Karena cium takzim ini pula, saya sering benar-benar mencium aroma tangan orang yang saya hormati. Seorang sahabat saya, dari keluarga santri yang taat pernah bercerita pengalamannya mencium tangan sejumlah kiai. Banyak kiai merupakan orang yang zuhud atau asketik. Tapi tak sedikit juga yang banyak bergaul, memberi kontribusi sosial bagi masyarakatnya. Tak heran, bila mencium tangan (sebagian, tentu saja) pak kiai, tercium aroma.... sate kambing. Saya mohon maaf kepada teman saya karena telah membongkar rahasia ini. Saya kira teman saya itu hanya sedang ngidam sate kambing saja, di sela-sela padatnya jadwal santri sebagaimana diceritakan dalam Negeri 5 Menara oleh A. Fuady.
Jadi jelas, mencium tangan diletakkan dihidung atau kening. Karena itu saya shock ketika adik-adik kita generasi zaman akhir mencium tangan orang yang dituakan di... sebelah pipinya. Pipi? Ya, ketika seorang siswi berprestasi (kalau tak salah UN, atau olimpiade) diundang SBY ke istana dan mencium tangan sang presiden di pipinya. Dari literatur cara bercium tangan yang saya lihat sekilas di google, tak ada model cium tangan dengan punggung tangan diletakkan di pipi. Tengok saja cium tangan Anas Urbaningrum atau Margiono kepada Susilo Bambang Yudhoyono.
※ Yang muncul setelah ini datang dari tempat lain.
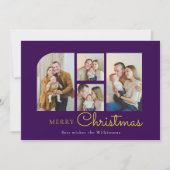 Christmas four photo purple gold christmas  シーズンカード (正面)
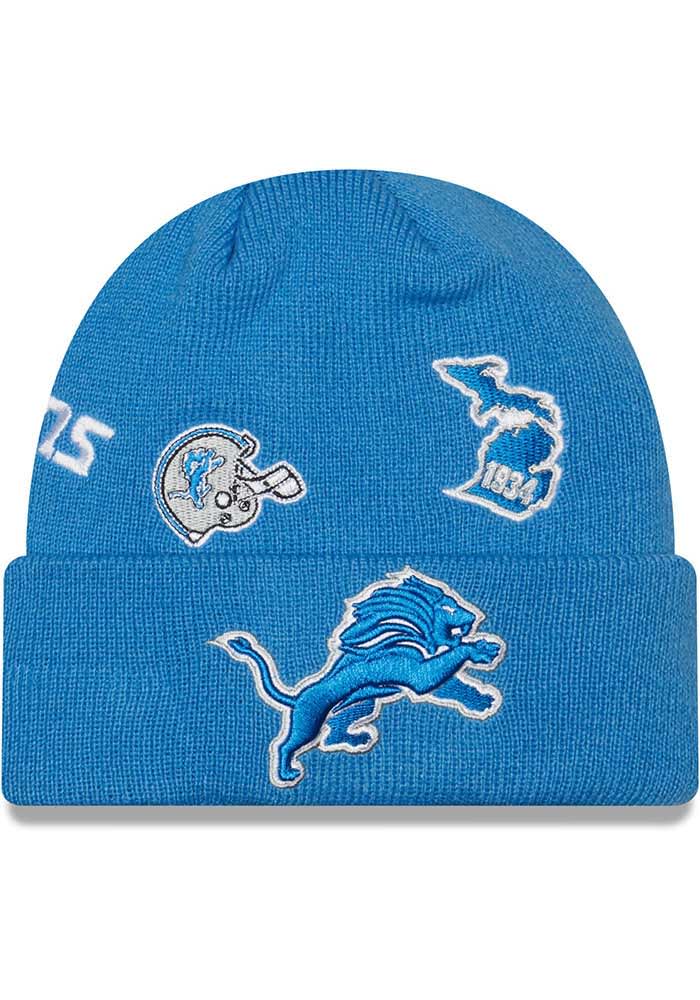 New Era Detroit Lions Black Bossed Cuff Knit Mens Knit Hat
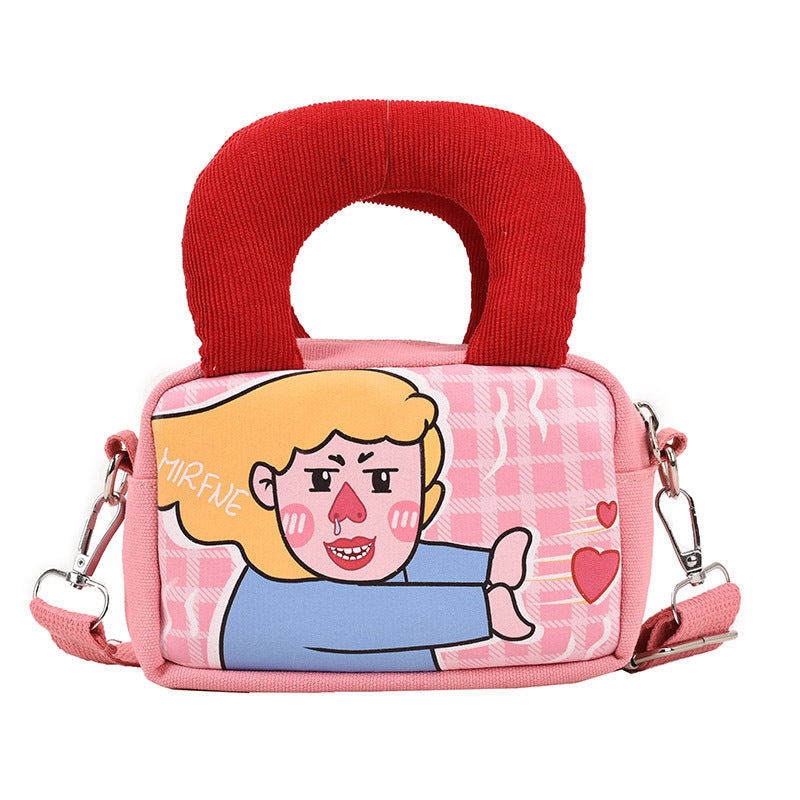 Canvas Bag, Creative, Whimsical, Cartoon Graffiti, Single-shoulder Square Bag for Fashionable Teenage Girls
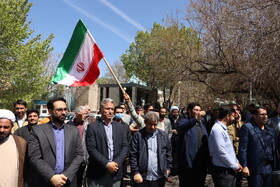 تجمع دانشگاهیان دانشگاه تبریز در حمایت از مجاهدت سربازان سپاه اسلام در پاسخ قاطع به رژیم خونخوار صیهونیستی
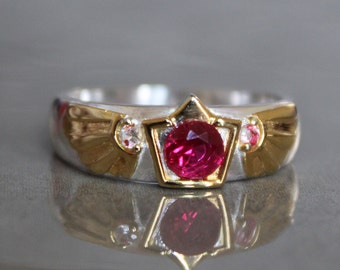 Zelda Goron's Ruby Ring: Sterling Silver Anime Cosplay Jewelry
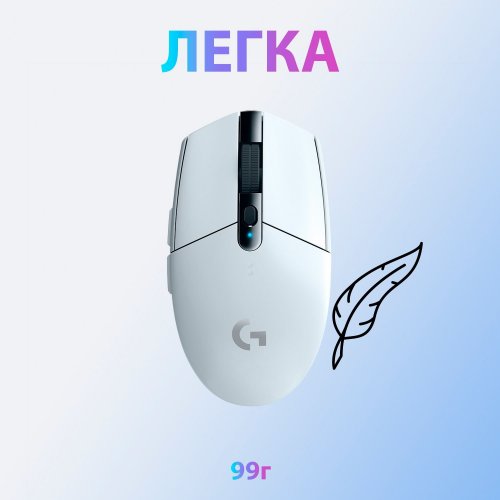 Мышка Logitech G305 Lightspeed (910-005291) White купить в Украине: Киев, Днепр, Харьков, Одесса  | Низкая цена, отзывы, характеристики от TELEMART фото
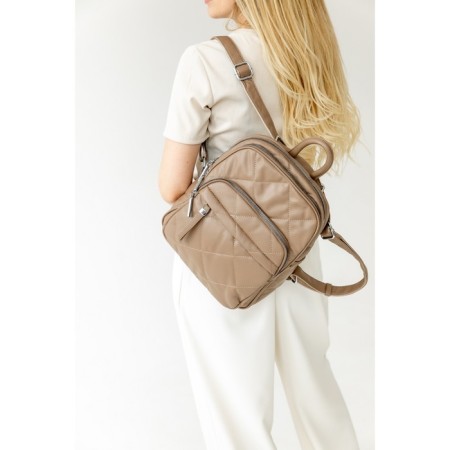 Women's backpack, eco -leather, ludor beige, 24x12x30 cm-3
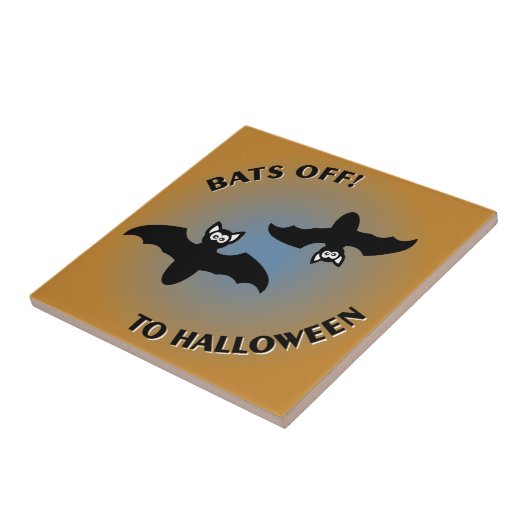 Halloween Bats Orange Blue Fliese (Seite)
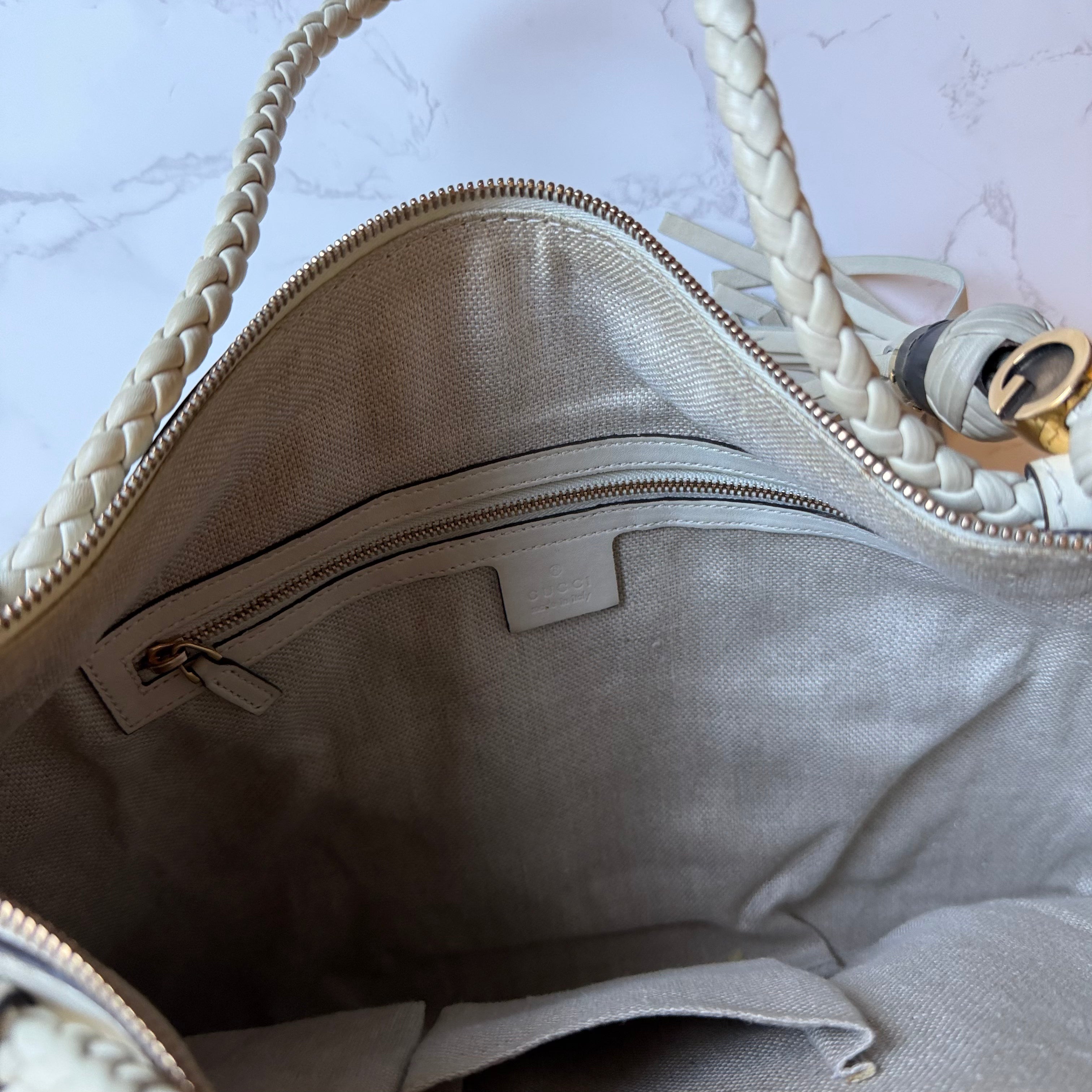 Gucci beige leather handmade tote interior detail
Atau cium tangan Dian Sastro kepada suaminya Indraguna Sutowo sesaat setelah ijab kabul pernikahannya.
Jadi, saya belum tahu apakah nanti saat akan pamit dari boulevard ini untuk pulang ke kota saya sekira sembilan jam perjalanan bus dari Solo, akan memberi punggung tangan saya untuk dicium adik-adik yunior, atau segera menariknya. Cenil sudah habis, tapi  tahu kupat baru datang. Es teh sudah tambah satu gelas lagi sedang matahari mulai tinggi.